Facebook is a broader, more complex example. A meta-tribe. (Oh how I love anything meta.) It contains my work tribe, my tribe of library colleagues from across the country, a tribe of friends from the community theater, even a tribe of folks from media and PR around Mississippi who are interested in Social Media. For me, Facebook is a whole world of tribes, and all of them becoming more tightly woven, and occasionally crossing borders. And then my original tribe, the Southern Gothic Family Tribe, is on Facebook in Full Force. In the last two months, I’ve found out via Facebook about three engagements, a birth, and a family reunion–and these are first cousins, aunts and uncles, not long lost relatives. My 3-yr-old nephew’s abominable-snowman-dance graced my Facebook Wall during Christmas.

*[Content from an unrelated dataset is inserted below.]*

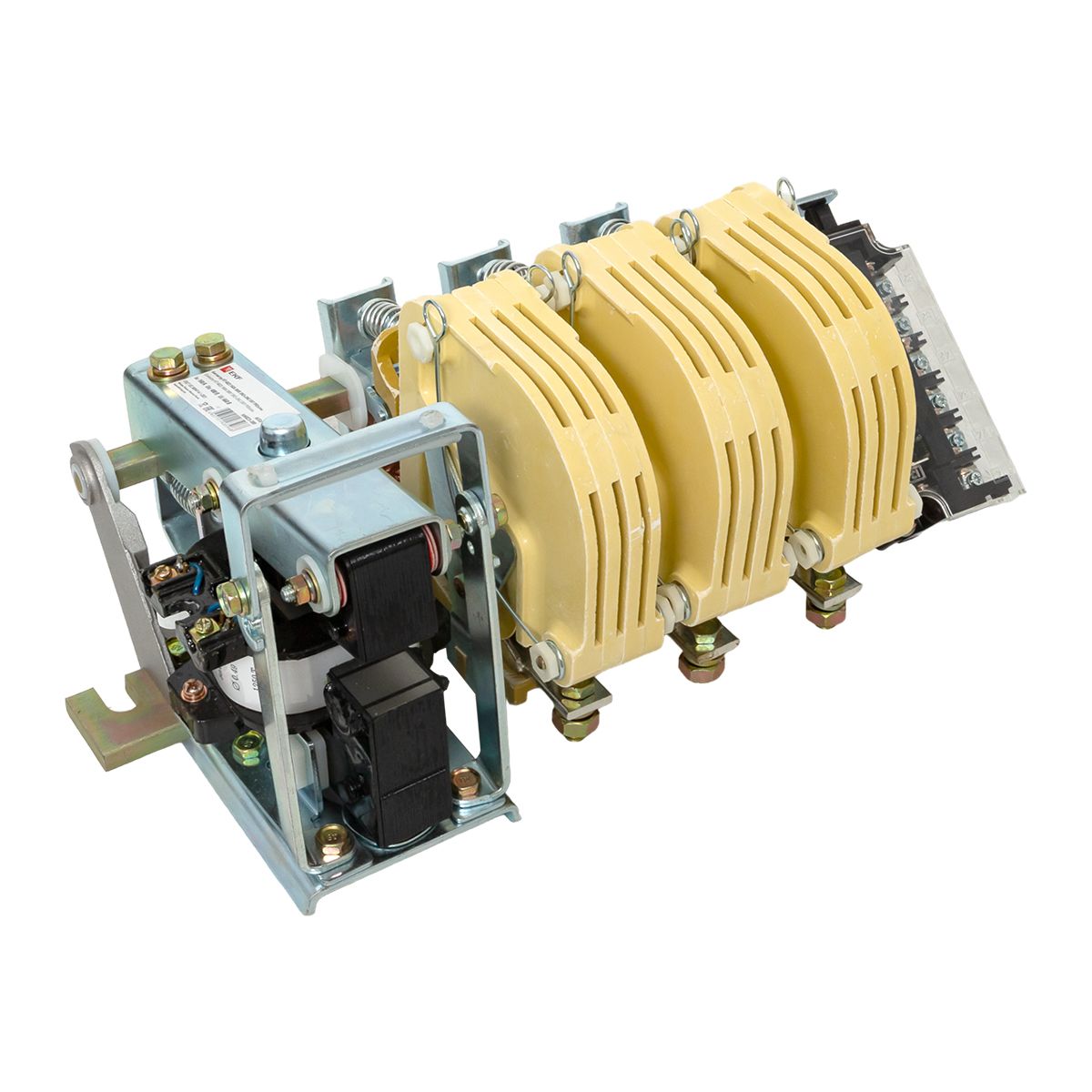 Контактор  kt6023-380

To match this tribal power, Facebook has developed complex privacy tools. So complex that I’ve had a hard time figuring out what they actually do. And I’ve been teaching classes about how to use them. The first step is to identify your tribes (FB calls them “friend lists”). Then you use these lists to allow each group to have varying levels of access to your information. Without these controls, it is as though you are suddenly born into a world complete with all the normal complex social connections and relationships, and everyone is in one big auditorium. Now try to manage your identity.
So…that’s what I’ve been thinking about.